Saved entries:
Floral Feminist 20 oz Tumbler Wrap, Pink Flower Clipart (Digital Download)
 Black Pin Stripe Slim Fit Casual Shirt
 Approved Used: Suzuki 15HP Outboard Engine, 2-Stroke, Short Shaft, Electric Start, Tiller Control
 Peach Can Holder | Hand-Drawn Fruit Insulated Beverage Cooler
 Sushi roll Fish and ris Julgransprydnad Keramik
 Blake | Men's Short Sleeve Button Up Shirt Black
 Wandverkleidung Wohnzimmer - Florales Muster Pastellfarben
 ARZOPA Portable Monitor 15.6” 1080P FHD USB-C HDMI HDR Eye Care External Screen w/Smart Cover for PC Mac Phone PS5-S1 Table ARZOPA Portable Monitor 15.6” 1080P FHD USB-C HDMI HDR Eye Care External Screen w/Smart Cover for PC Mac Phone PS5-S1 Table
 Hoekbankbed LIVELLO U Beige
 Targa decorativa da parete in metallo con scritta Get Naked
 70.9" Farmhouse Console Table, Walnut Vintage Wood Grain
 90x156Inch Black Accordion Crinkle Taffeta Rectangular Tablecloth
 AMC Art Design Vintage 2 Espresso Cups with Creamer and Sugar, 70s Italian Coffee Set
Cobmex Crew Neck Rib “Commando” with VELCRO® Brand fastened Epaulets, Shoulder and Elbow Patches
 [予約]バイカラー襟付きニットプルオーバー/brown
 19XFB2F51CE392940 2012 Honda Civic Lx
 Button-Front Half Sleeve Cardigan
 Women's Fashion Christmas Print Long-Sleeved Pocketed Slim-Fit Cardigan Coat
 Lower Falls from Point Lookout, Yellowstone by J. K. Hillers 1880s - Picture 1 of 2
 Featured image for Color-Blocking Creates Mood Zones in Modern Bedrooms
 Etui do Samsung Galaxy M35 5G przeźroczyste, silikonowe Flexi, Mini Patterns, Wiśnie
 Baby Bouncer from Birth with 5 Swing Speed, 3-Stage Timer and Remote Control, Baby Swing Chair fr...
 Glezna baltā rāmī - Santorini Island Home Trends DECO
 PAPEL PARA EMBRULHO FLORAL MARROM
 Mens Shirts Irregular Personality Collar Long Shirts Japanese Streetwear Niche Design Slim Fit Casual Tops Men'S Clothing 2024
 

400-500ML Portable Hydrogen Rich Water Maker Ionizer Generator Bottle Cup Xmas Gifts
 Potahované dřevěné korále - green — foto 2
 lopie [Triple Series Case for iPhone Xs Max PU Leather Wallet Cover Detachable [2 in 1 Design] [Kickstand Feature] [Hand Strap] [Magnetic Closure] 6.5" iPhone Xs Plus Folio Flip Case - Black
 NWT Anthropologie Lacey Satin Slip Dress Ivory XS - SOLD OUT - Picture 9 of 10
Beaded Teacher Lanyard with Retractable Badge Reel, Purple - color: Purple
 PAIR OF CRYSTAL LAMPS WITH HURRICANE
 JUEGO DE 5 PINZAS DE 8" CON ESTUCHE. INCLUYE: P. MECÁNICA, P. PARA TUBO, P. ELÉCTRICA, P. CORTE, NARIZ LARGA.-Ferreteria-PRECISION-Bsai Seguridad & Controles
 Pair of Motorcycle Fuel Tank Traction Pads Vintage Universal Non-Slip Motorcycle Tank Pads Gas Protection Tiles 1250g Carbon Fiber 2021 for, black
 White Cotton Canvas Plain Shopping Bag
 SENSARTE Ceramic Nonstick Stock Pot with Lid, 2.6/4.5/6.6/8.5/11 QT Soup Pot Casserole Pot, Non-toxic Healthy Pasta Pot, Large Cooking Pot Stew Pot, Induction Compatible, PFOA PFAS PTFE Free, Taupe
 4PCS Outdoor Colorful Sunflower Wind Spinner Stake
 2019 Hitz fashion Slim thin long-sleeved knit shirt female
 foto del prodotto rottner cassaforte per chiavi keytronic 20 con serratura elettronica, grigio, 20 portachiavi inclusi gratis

Required work: Scan the records above for the word "foto". Show each line in which it appears.

Exercise result:
 Potahované dřevěné korále - green — foto 2
 foto del prodotto rottner cassaforte per chiavi keytronic 20 con serratura elettronica, grigio, 20 portachiavi inclusi gratis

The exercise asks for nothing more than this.